For the language behind the three numbers on the bottle — what nitrogen, phosphorus and potassium each do — see the NPK ratio explained entry. The short version for brazilian jasmine: match the feed to the job the plant is doing right now, not to a generic “plant food” on the shelf.
How often to feed brazilian jasmine, and which months
Feeding only earns its keep while the plant is in active growth and can use the nutrients — pour feed into a dormant or low-light plant and it simply builds up as root-burning salt. For brazilian jasmine:
Feed every 2 weeks in spring and summer with a high-potash or flowering fertiliser to keep blooms coming. Avoid heavy nitrogen, which favours foliage over flowers. Stop feeding in autumn and through winter while the plant rests in cool, frost-free storage. For a hungry bloomer that means feeding regularly — every 2 weeks — right through flowering across the main season (spring through early autumn), tapering as blooming ends.
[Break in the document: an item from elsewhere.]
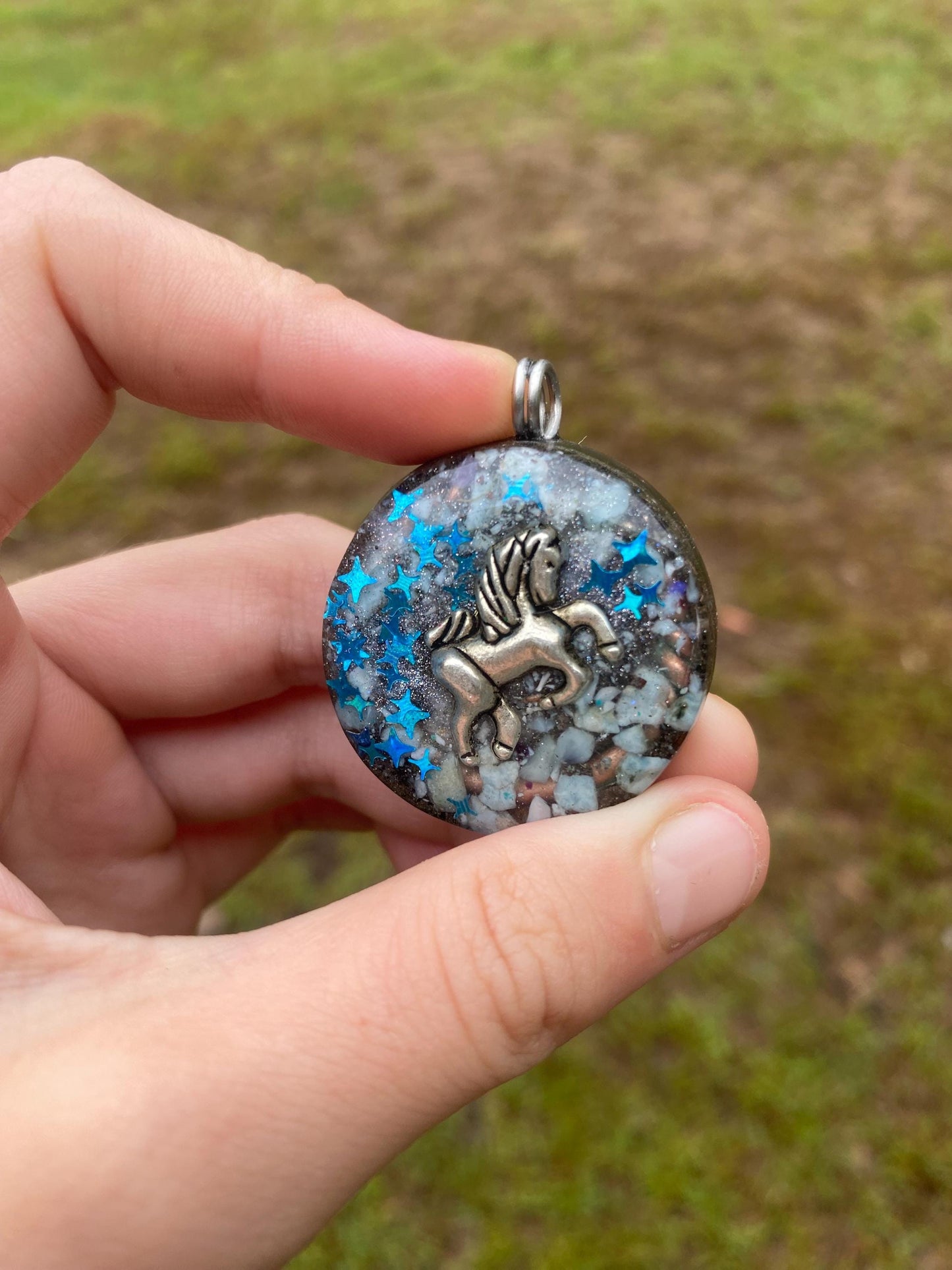 Pony  Orgone Pendant Necklace. Made w Elite Shungite, Larimar. Powerful. EMF Protection. 5G Protection. TENSOR RING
The dormant-season rule matters more than the exact interval: skip feeding entirely when brazilian jasmine is resting. For the wider context on indoor feeding rhythms across the seasons, the houseplant fertiliser schedule walks through the year month by month.
What strength to mix for brazilian jasmine
Follow the flowering-feed label rate for brazilian jasmine, or half strength if feeding very frequently. These plants genuinely use the nutrients — under-feeding shows up fast as a thin display.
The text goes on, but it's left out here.